** Provided records follows **
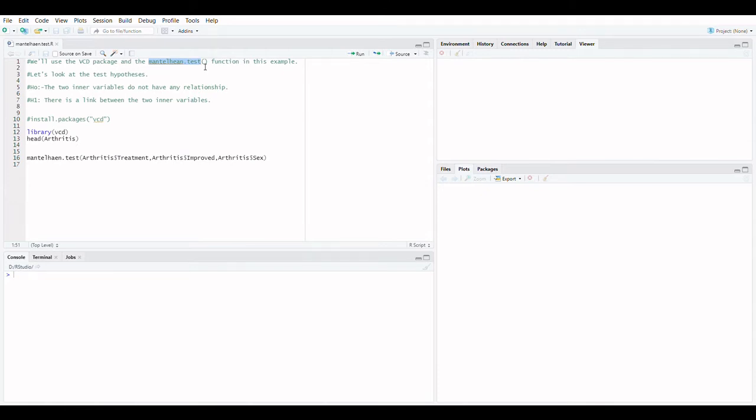What will the Cochrane-Mantel-Haenszel test reveal? The Cochrane-Mantel-Haenszel test assesses the significance of categorical variable associations. We'll use the VCD package and the mantelhaen.test function in this example.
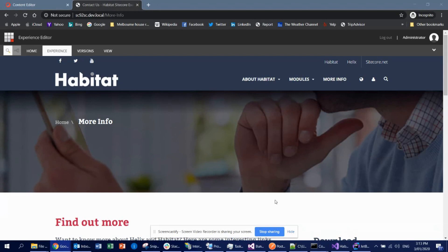I just installed Habitat on top of Sitecore Experience Platform 9.2. I thought, let's share the experience and what I actually did in order to successfully install Habitat application on top of Sitecore 9.2.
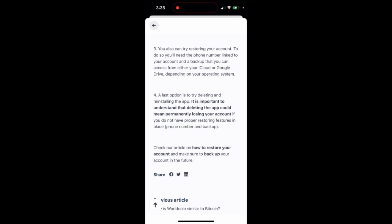So just make sure to enable backup and link your phone number, and then you can just delete the app and then you can restore your account.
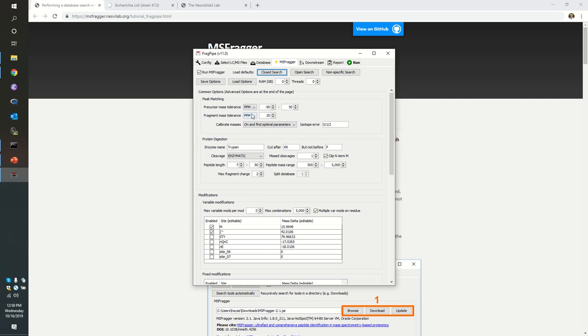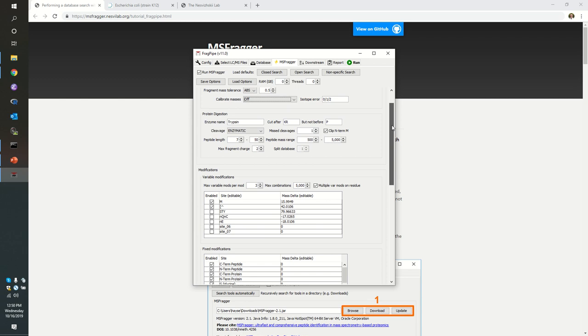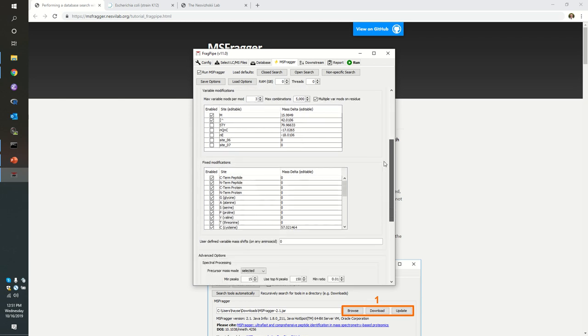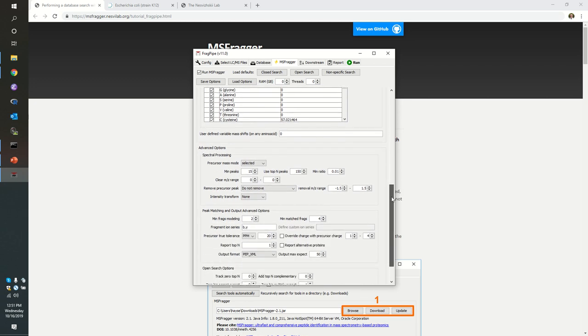Once again, we must remember that in this case, the tandem mass spectra were collected in a low resolution trap. So we need to specify that it has a 0.5 absolute or m over z deviation allowable for fragments. And we're going to continue on with the precursor mass tolerance of anywhere from minus 50 to 50 ppm. I'm going to turn off calibrate masses again.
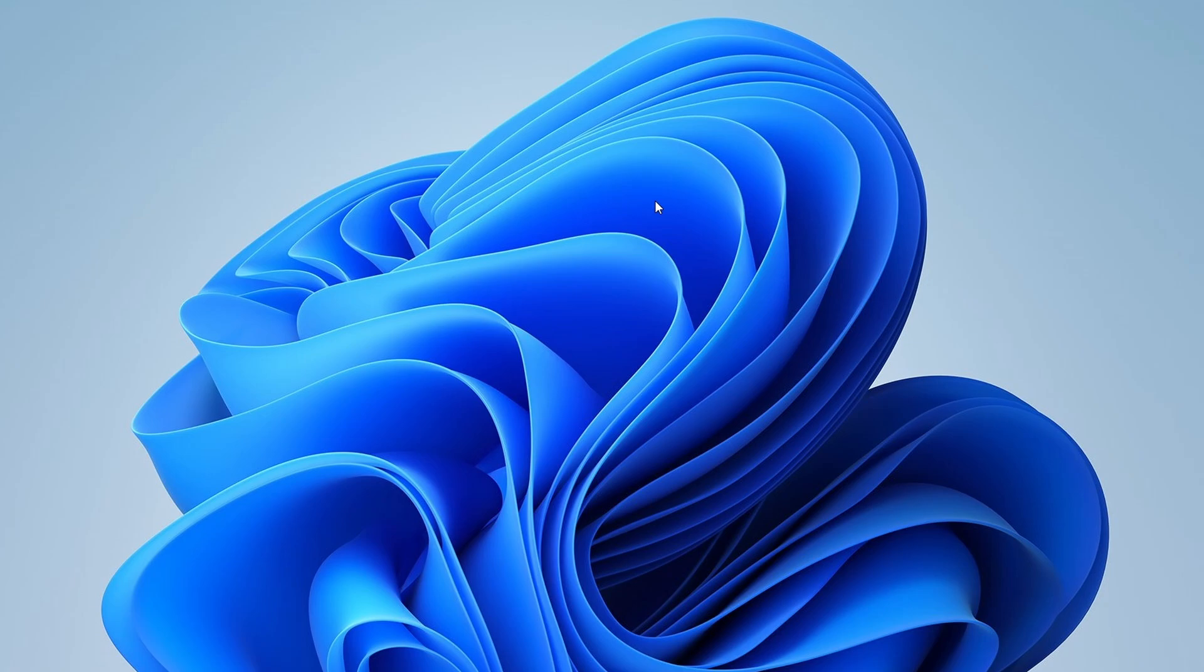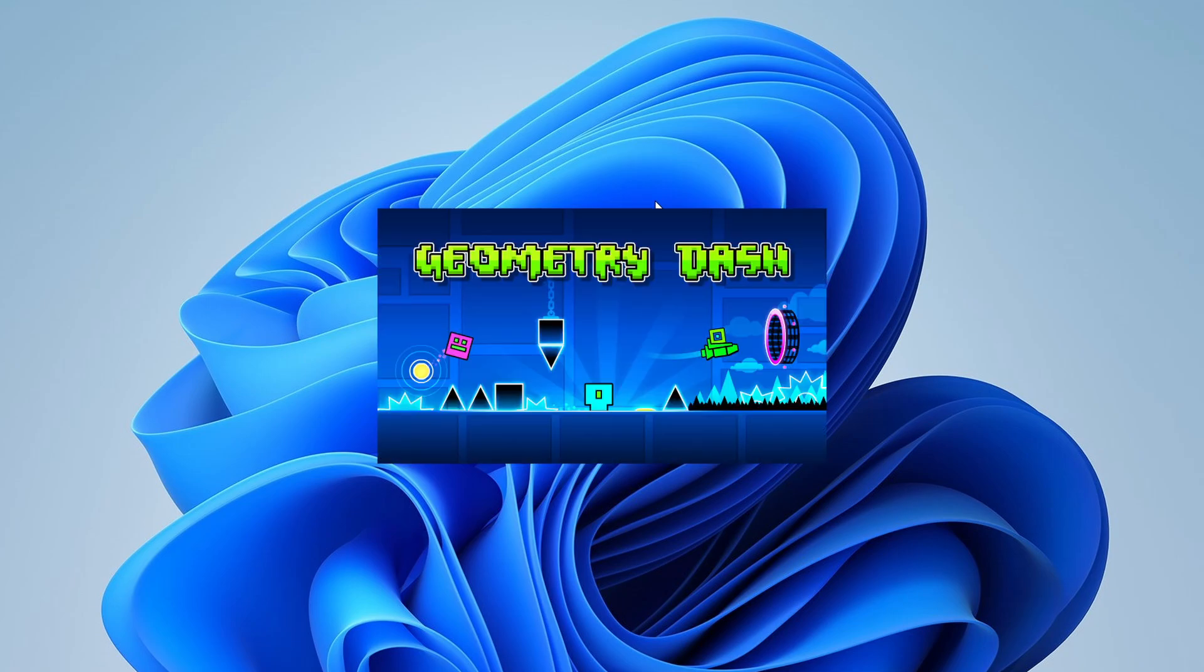Hey, everyone. Welcome back to the channel. Today, I'll be helping you find the save file location for Geometry Dash if you've installed it on Steam.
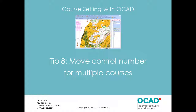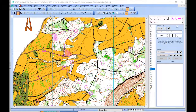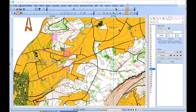Tip number eight: Move a control number for multiple courses. When we prepare courses for bigger events, it can be very boring to move control numbers for some controls for all maybe 40, 50 courses.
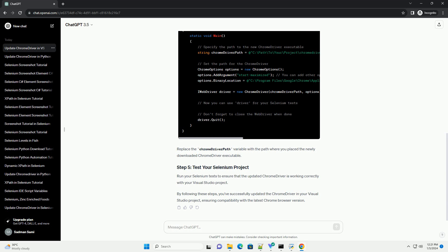Open your C# code file where you initialize the web driver. Update the code to instantiate the Chrome driver with the new path. Here's an example. Replace the Chrome driver path variable with the path where you placed the newly downloaded Chrome driver executable.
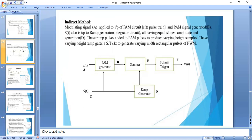In summary, for the indirect method of generating PWM, we first generate the PAM signal, then use an adder and integrator — also called a ramp generator. The PAM and ramp are added, and applied to the Schmitt trigger. Depending on the height of the pulse, the width will be varied. That is PWM.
** End of Provided records **
» Work required:
Write out every record exactly. Leave the pictures out.

» Worked solution:
What will the Cochrane-Mantel-Haenszel test reveal? The Cochrane-Mantel-Haenszel test assesses the significance of categorical variable associations. We'll use the VCD package and the mantelhaen.test function in this example.
I just installed Habitat on top of Sitecore Experience Platform 9.2. I thought, let's share the experience and what I actually did in order to successfully install Habitat application on top of Sitecore 9.2.
So just make sure to enable backup and link your phone number, and then you can just delete the app and then you can restore your account.
Once again, we must remember that in this case, the tandem mass spectra were collected in a low resolution trap. So we need to specify that it has a 0.5 absolute or m over z deviation allowable for fragments. And we're going to continue on with the precursor mass tolerance of anywhere from minus 50 to 50 ppm. I'm going to turn off calibrate masses again.
Hey, everyone. Welcome back to the channel. Today, I'll be helping you find the save file location for Geometry Dash if you've installed it on Steam.
Tip number eight: Move a control number for multiple courses. When we prepare courses for bigger events, it can be very boring to move control numbers for some controls for all maybe 40, 50 courses.
Open your C# code file where you initialize the web driver. Update the code to instantiate the Chrome driver with the new path. Here's an example. Replace the Chrome driver path variable with the path where you placed the newly downloaded Chrome driver executable.
In summary, for the indirect method of generating PWM, we first generate the PAM signal, then use an adder and integrator — also called a ramp generator. The PAM and ramp are added, and applied to the Schmitt trigger. Depending on the height of the pulse, the width will be varied. That is PWM.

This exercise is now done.